Jesus, uma ameaça ao poder romano
Para André Chevitarese, professor titular da Universidade Federal do Rio de Janeiro (UFRJ), Jesus seria “como muitos camponeses simples, paupérrimos, anônimos”. Do ponto de vista histórico, estaria querendo transformar a realidade.
“Por trás da narrativa mítica do nascimento de Jesus se esconde um vocabulário político de violenta resistência aos impérios, principalmente o romano, lá atrás, ou o americano, hoje em dia”, compara Chevitarese.
“A religião que Deus, o nosso Pai, aceita como pura e imaculada é esta: cuidar dos órfãos e das viúvas em suas dificuldades e não se deixar corromper pelo mundo” – Tiago, 1:27
Frei David Santos, franciscano, fundador do pré-vestibular Educafro, diz que “havia muitas cobranças de impostos, e uma população vilipendiada, muito pobre. Os sacerdotes, que deveriam proteger e trazer dignidade ao povo, estavam colaborando com os donos do poder”.
O frei cita três favelas onde Jesus nasceria no Brasil: Ceilândia, no Distrito Federal; Rocinha, no Rio de Janeiro; e Paraisópolis, em São Paulo. “Se ele nascesse em uma delas, com certeza teria sido espancado, torturado e, talvez, assassinado pela polícia. Jesus nasceu pobre como uma forma de denunciar a pobreza”, diz Frei David.
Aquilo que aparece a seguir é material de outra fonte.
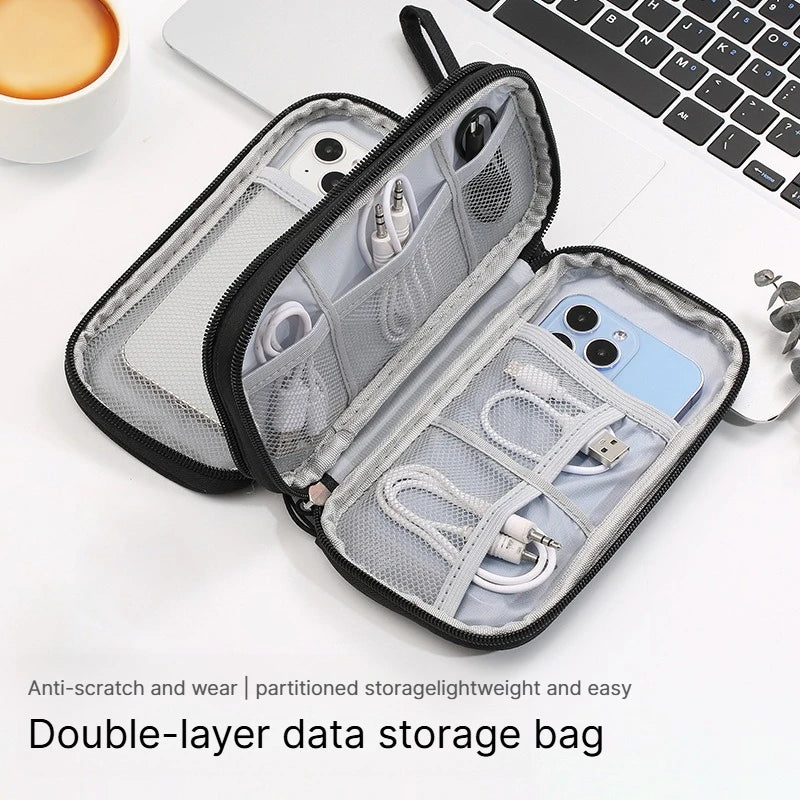 A Portable travel digital storage bag USB cable organizer headphone charger box gray/black/pink/blue neat and convenient Qme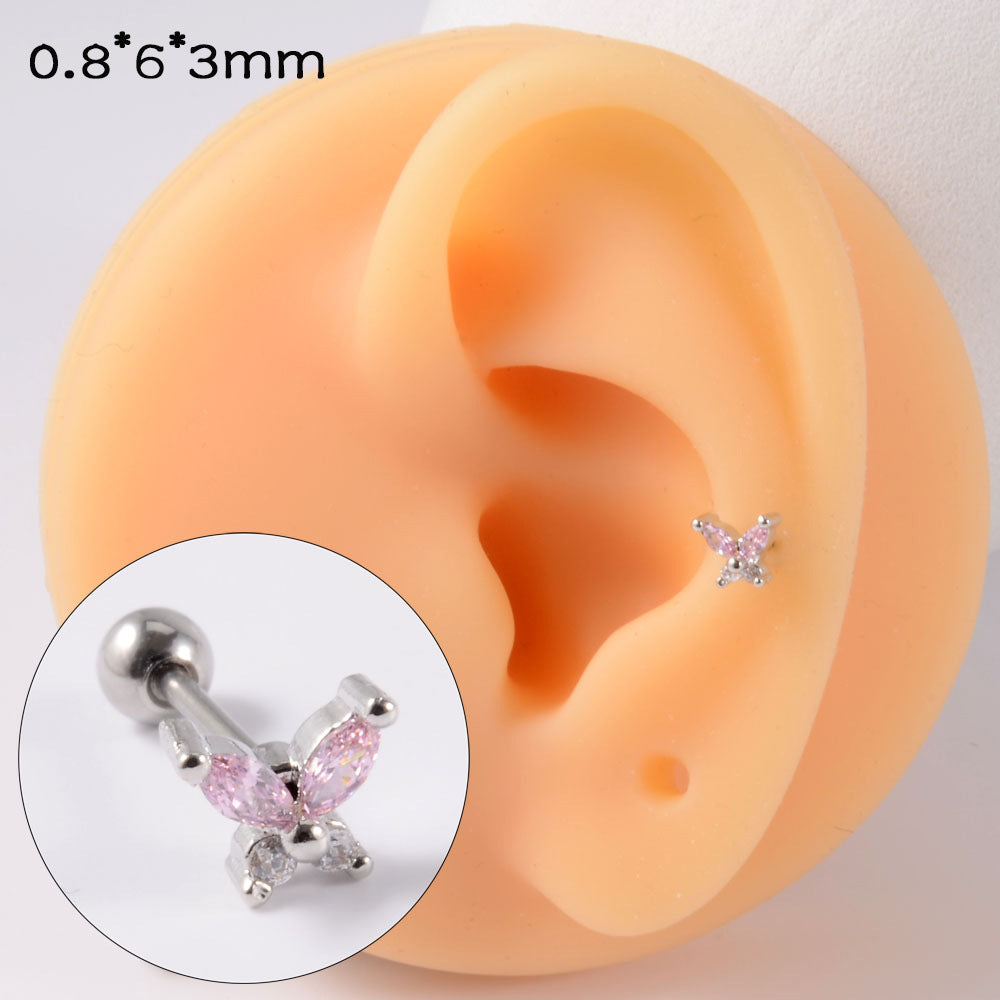 Simple Style Butterfly Stainless Steel Ear Studs Stainless Steel Earrings 1 Piece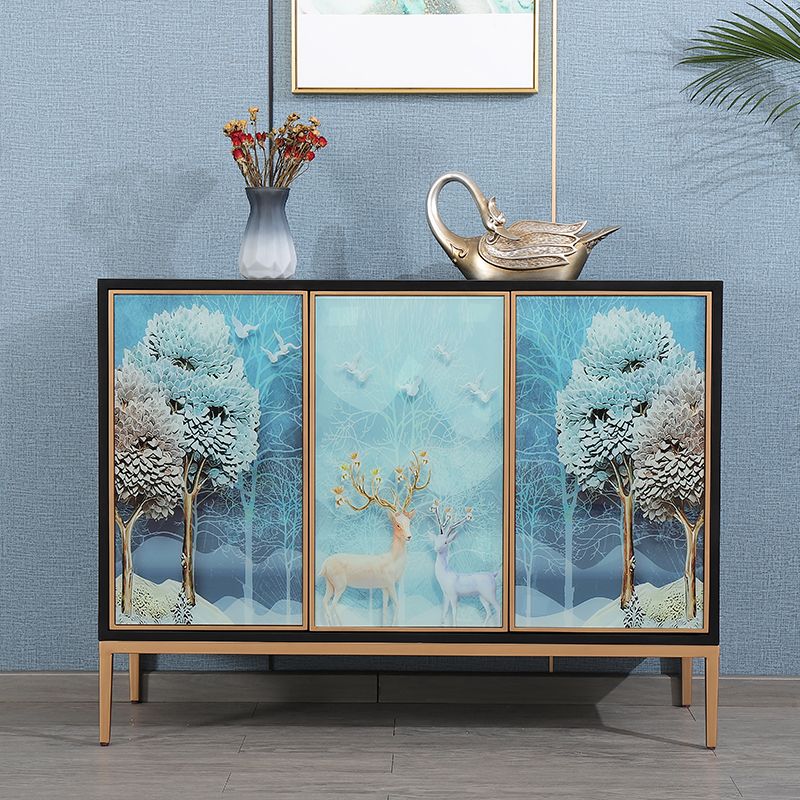 Estantería de estantería ajustable de madera maciza de estilo contemporáneo con gabinetes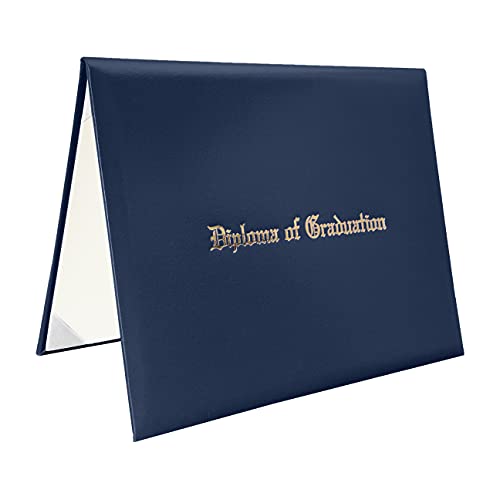 Tnghui Diplomhülle 21,6 x 27,9 cm, bedruckt "Diploma of Graduation", reich an Farbe, Kunstleder, gepolstert, für Urkunden, Marineblau von TngHui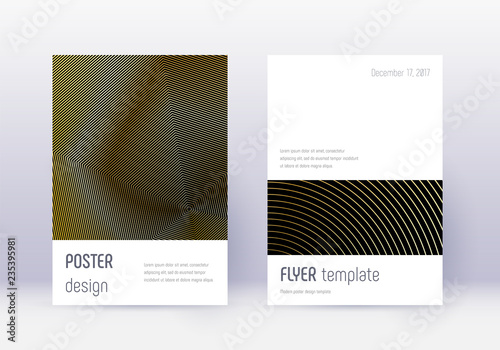Minimalistic cover design template set. Gold abstr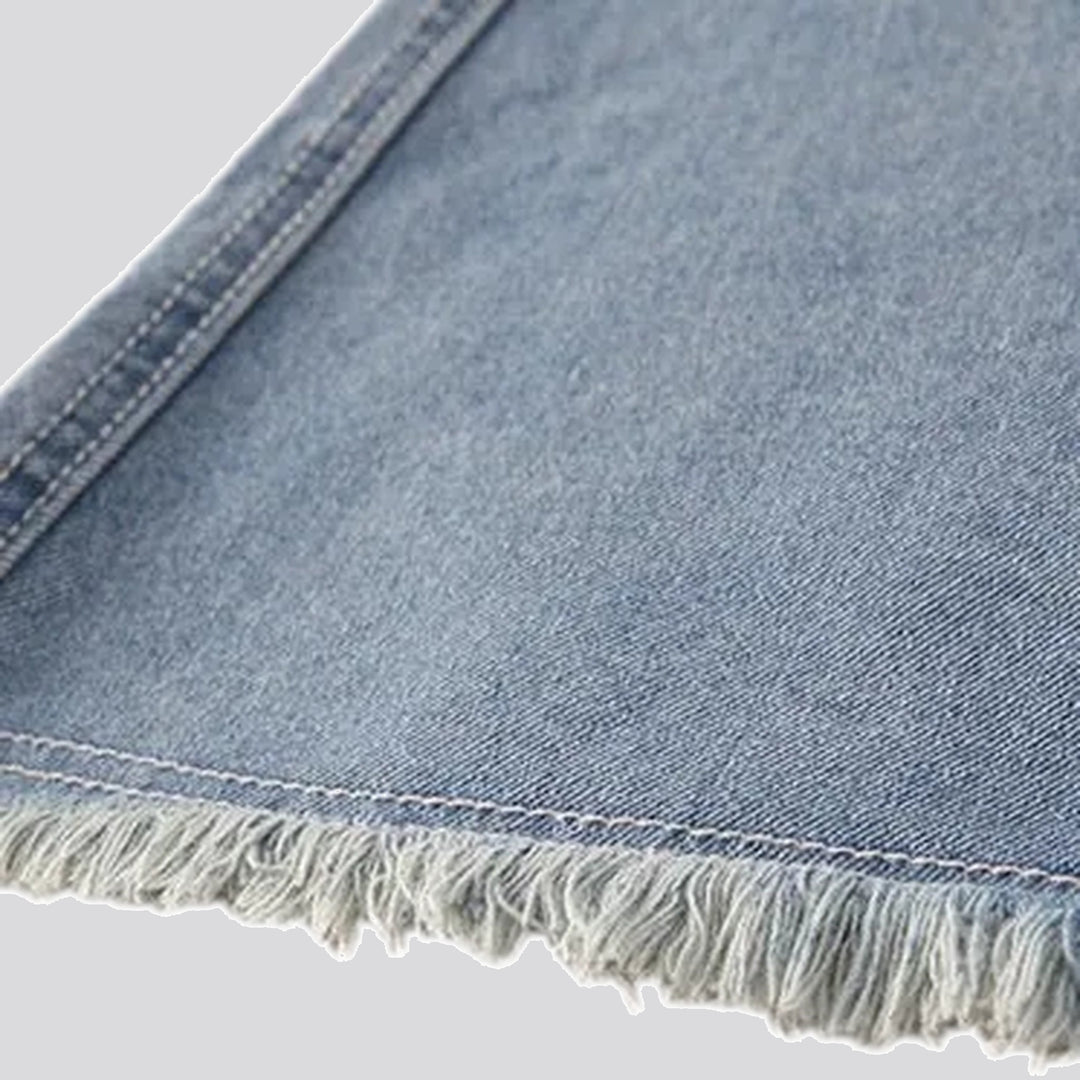 Sanded frayed panelled jean skirt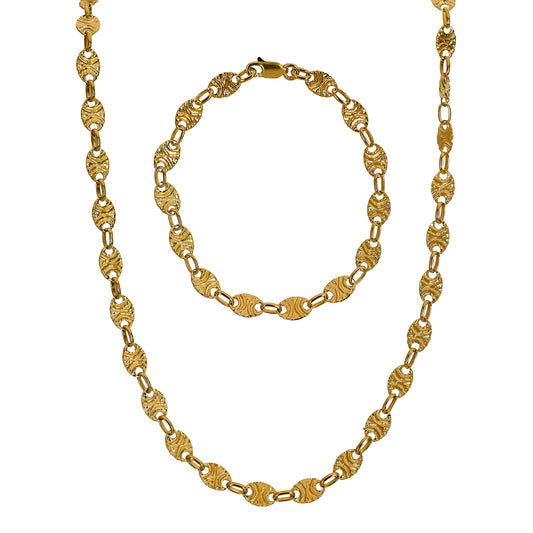 Pre-Owned 18ct Gold Oval Link Bracelet & Necklace SET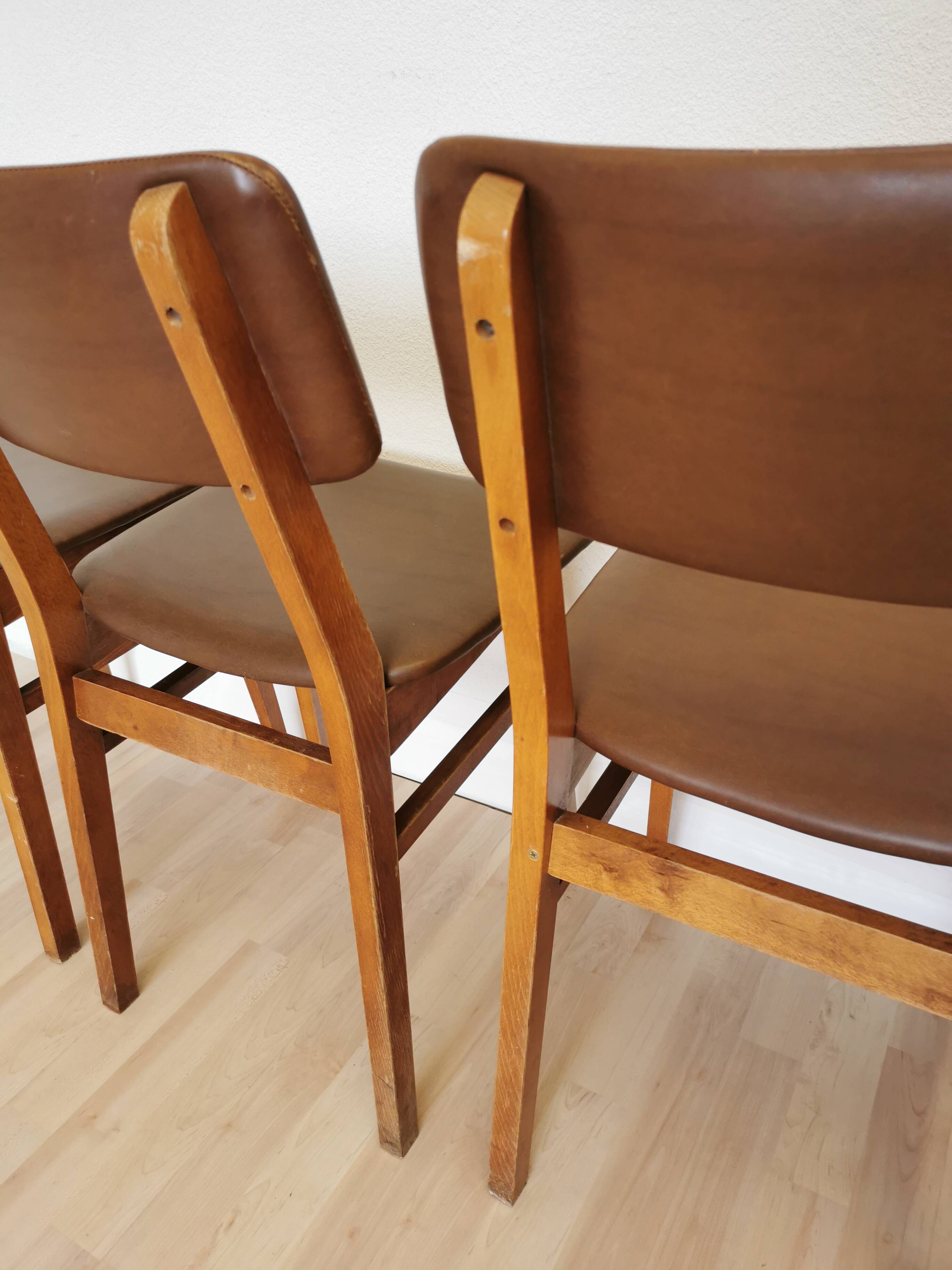 Vintage STOL Kamnik Dining Chairs (Set of 4): Mid-Century Leather Seat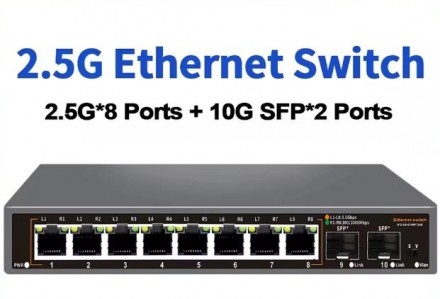 Коммутатор сетевой гигабитный 2.5Gх8 RJ45 портов, 10Gх2 SFP порта, Ethernet Swit. Днепр. фото 1 Коммутатор сетевой гигабитный 2.5Gх8 RJ45 портов, 10Gх2 SFP порта, Ethernet Swit. Днепр. фото 1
Jesus seria favelado no Brasil
Os entrevistados são unânimes em apontar as favelas como o local onde Jesus nasceria no Brasil. Pai Denisson D´Angiles, sacerdote de umbanda, diz que o nascimento do filho de Maria “seria em uma comunidade periférica, favela ou ocupação, junto às pessoas marginalizadas, excluídas e invisíveis pela sociedade, cercado por simplicidade e desafios”.
Por causa da opressão do necessitado e do gemido do pobre, agora me levantarei, diz o Senhor. Eu lhes darei a segurança que tanto anseiam – Salmos 12:5
O umbandista atua entre moradores de rua em São Paulo, distribuindo alimentos e, principalmente, amor ao próximo. A opinião do umbandista é compartilhada pela ialorixá Roberta de Yemonjá, da Casa das Águas de Yemonjá, em Sepetiba, extremo oeste do Rio de Janeiro.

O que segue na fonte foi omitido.